RHD Boost is a national project involving the roll out of a new naturally occurring overseas strain of rabbit calicivirus called RHDV1 K5. It will boost existing biological control agents that are already out in the environment. RHDV1 K5 is not a silver bullet and we need land managers to be vigilant in not taking their foot off the pedal when it comes to their regular rabbit control.
Rabbits are Australia’s most destructive agricultural pest animal, costing $200 million in lost agricultural production every year. Rabbits are environmental vandals. Less than one rabbit per hectare is enough to stop the growth of some native species and negatively affect biodiversity leading to further loss of native species of plants and animals.
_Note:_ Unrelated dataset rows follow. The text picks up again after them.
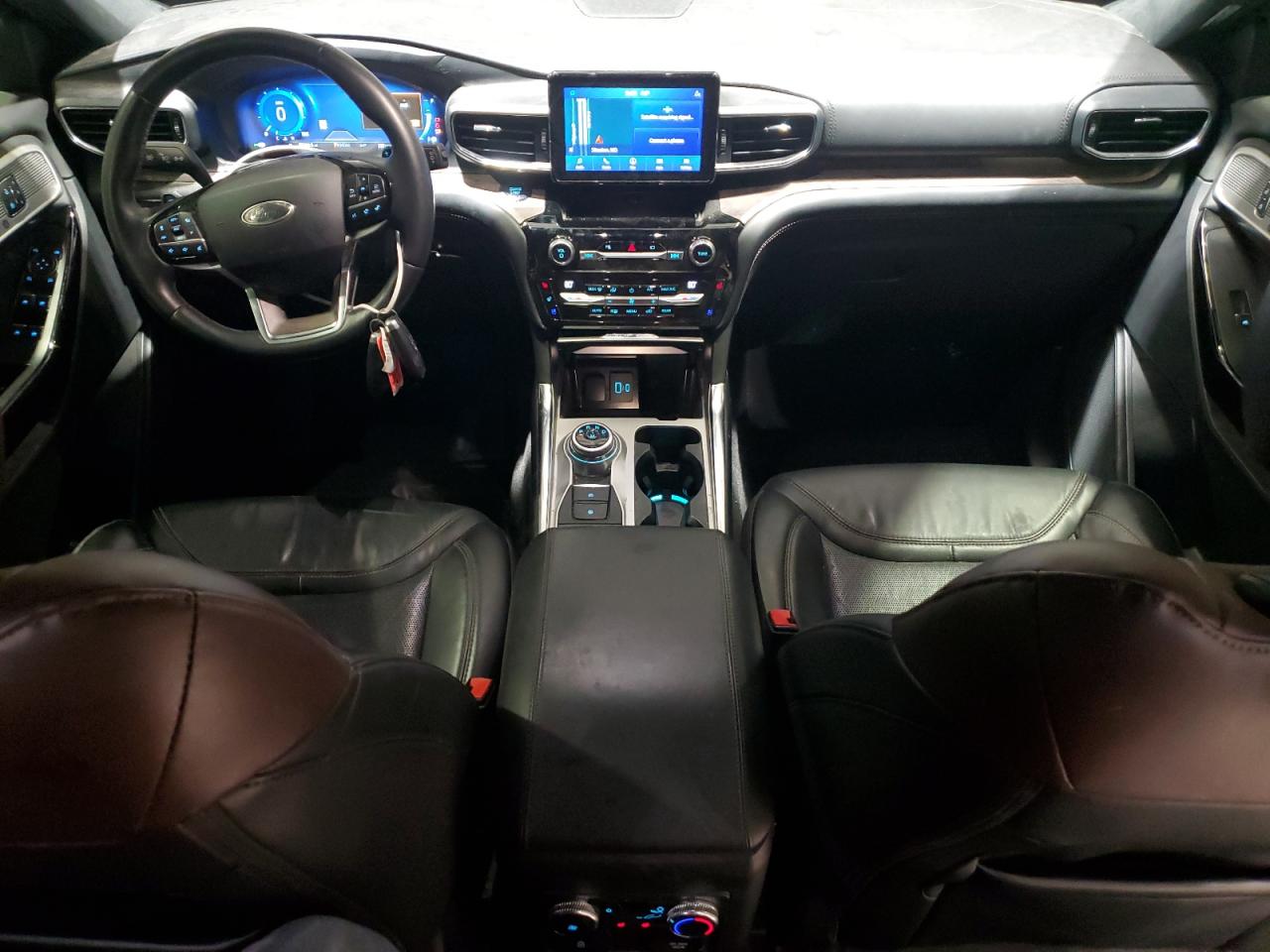 2021 Ford Explorer - Image 8
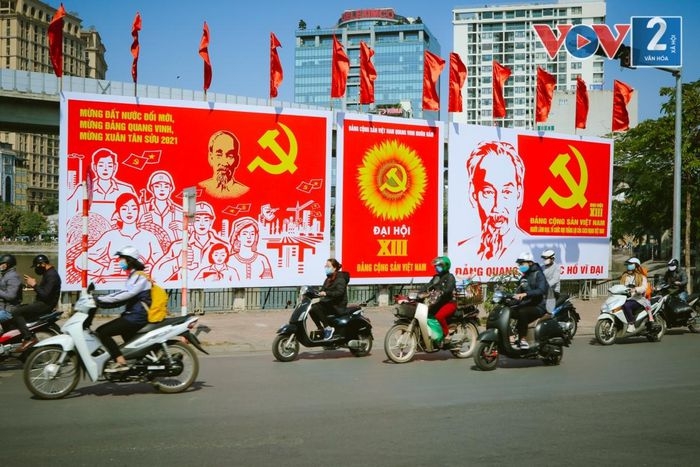 Một số vấn đề lý luận và thực tiễn về CNXH và con đường đi lên CNXH ở Việt Nam Một số vấn đề lý luận và thực tiễn về CNXH và con đường đi lên CNXH ở Việt Nam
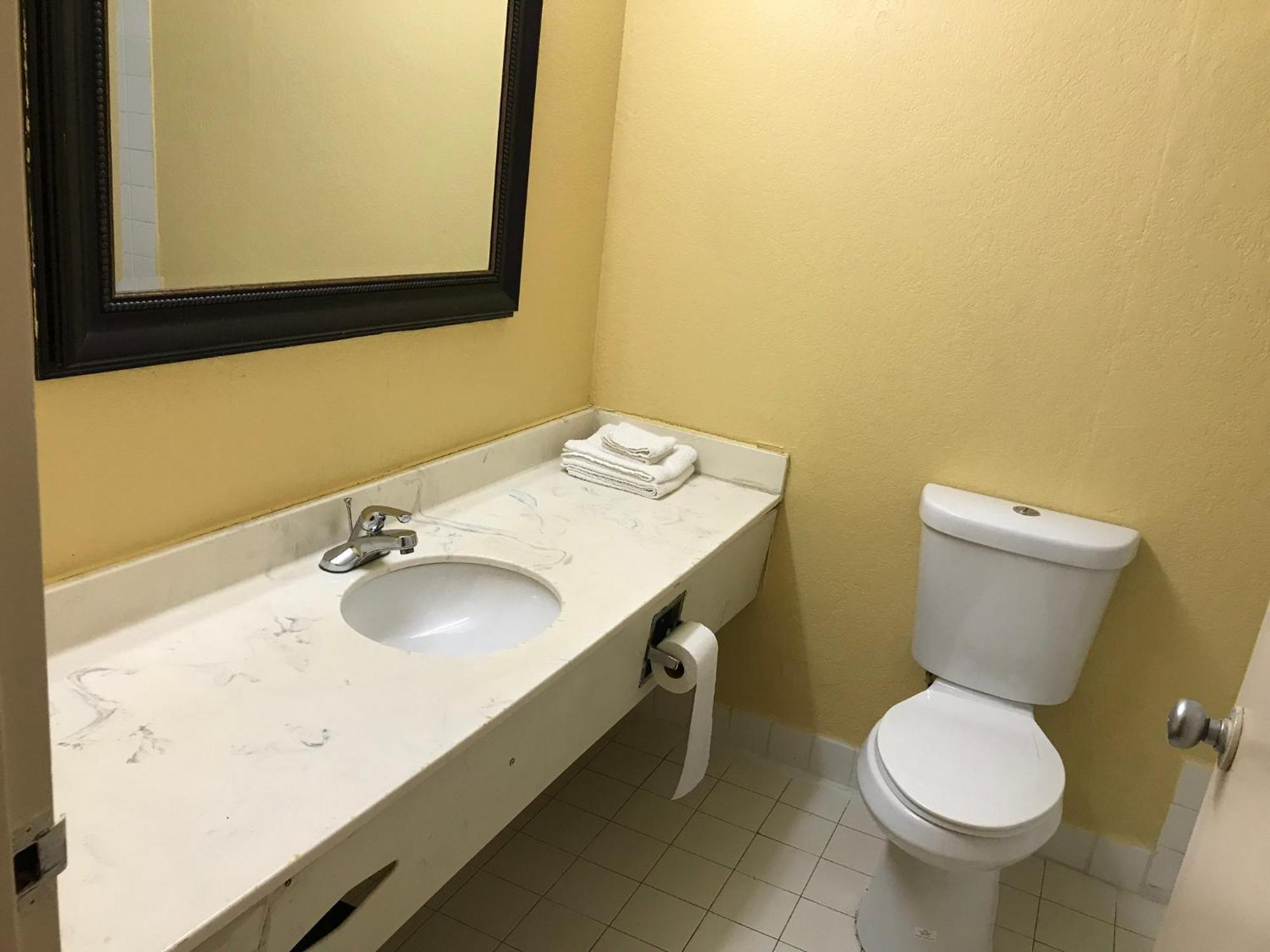 Economy 2* Fort Wayne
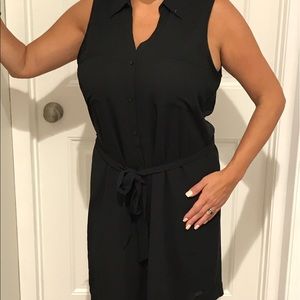 Sleeveless collar dress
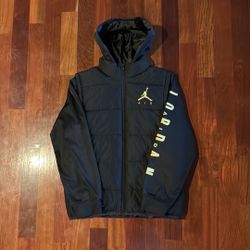 Boy’s Extra Large Black Jordan Vest With Sleeves And Hood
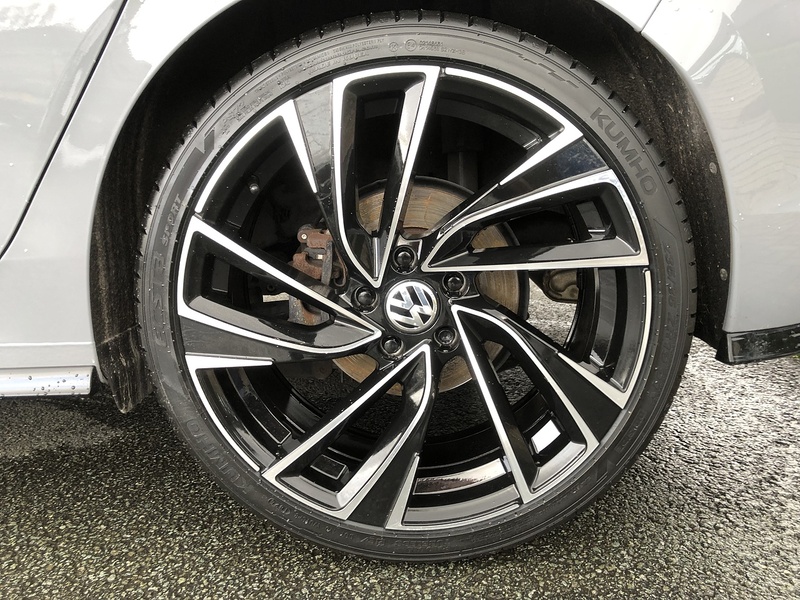 Volkswagen Golf TSI R-Line - U1820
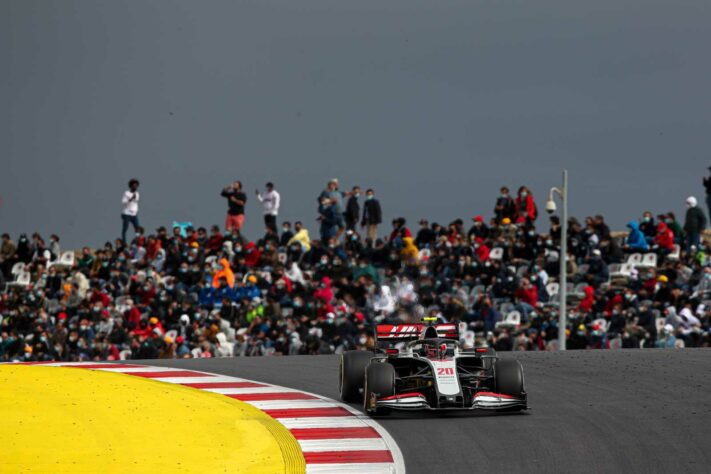 Kevin Magnussen foi discreto e ficou apenas na 17ª colocação no GP de Portugal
RHD Boost is about fine tuning and enhancing the existing strain of calicivirus – it is an evolution rather than a revolution. This is a national experiment to better control rabbits, particularly in areas where the current Czech strain of RHDV (RHDV1 v351) has not had much success.
RHDV1 K5 is not a new virus; it is a Korean variant of the existing virus already widespread in Australia. The RHD Boost evaluation project found that RHDV1 K5 should work better in the cool-wet regions of Australia where the current variant has not been so successful. RHDV1 K5 was selected out of 38 candidate variants because it can overcome the protective effects of a benign calicivirus which naturally occurs in Australia’s rabbit population. RHDV1 K5 is a naturally occurring variant of RHDV. The virus has not been altered by humans in any way.
RHDV1 K5 kills more rabbits and is a faster death than the current variant of RHDV. This leads to improved animal welfare and humaneness outcomes as well as helping to lessen the impacts of rabbits on biodiversity and production.
It is unlikely that RHDV1 K5 will achieve the population reductions that the 1996 calicivirus release initially did, as it is not being released into a naïve population. Knockdowns are expected to be on average around 10–15% (ranging from between 0–40%). It is important that RHDV1 K5 is used as part of an integrated multi-technique rabbit management program.
Rabbit biocontrol can be beneficial if applied as part of an integrated and complementary pest management approach. An improved biological control agent in conjunction with a community-led response, using best practice rabbit management principles, is an opportunity to mitigate this damage. Rabbits don’t stop at fences and if we are to make any serious dent in the population a coordinated community-led response will be needed. RHDV1 K5 offers a new opportunity to begin a conversation with neighbours with the aim of integrated best practice rabbit control at a landscape scale. Land management groups are encouraged to get their communities involved in rabbit management and monitoring for the disease.
The RHDV1 K5 release has been approved and a trial release at over 600 sites across Australia is proposed for autumn 2017.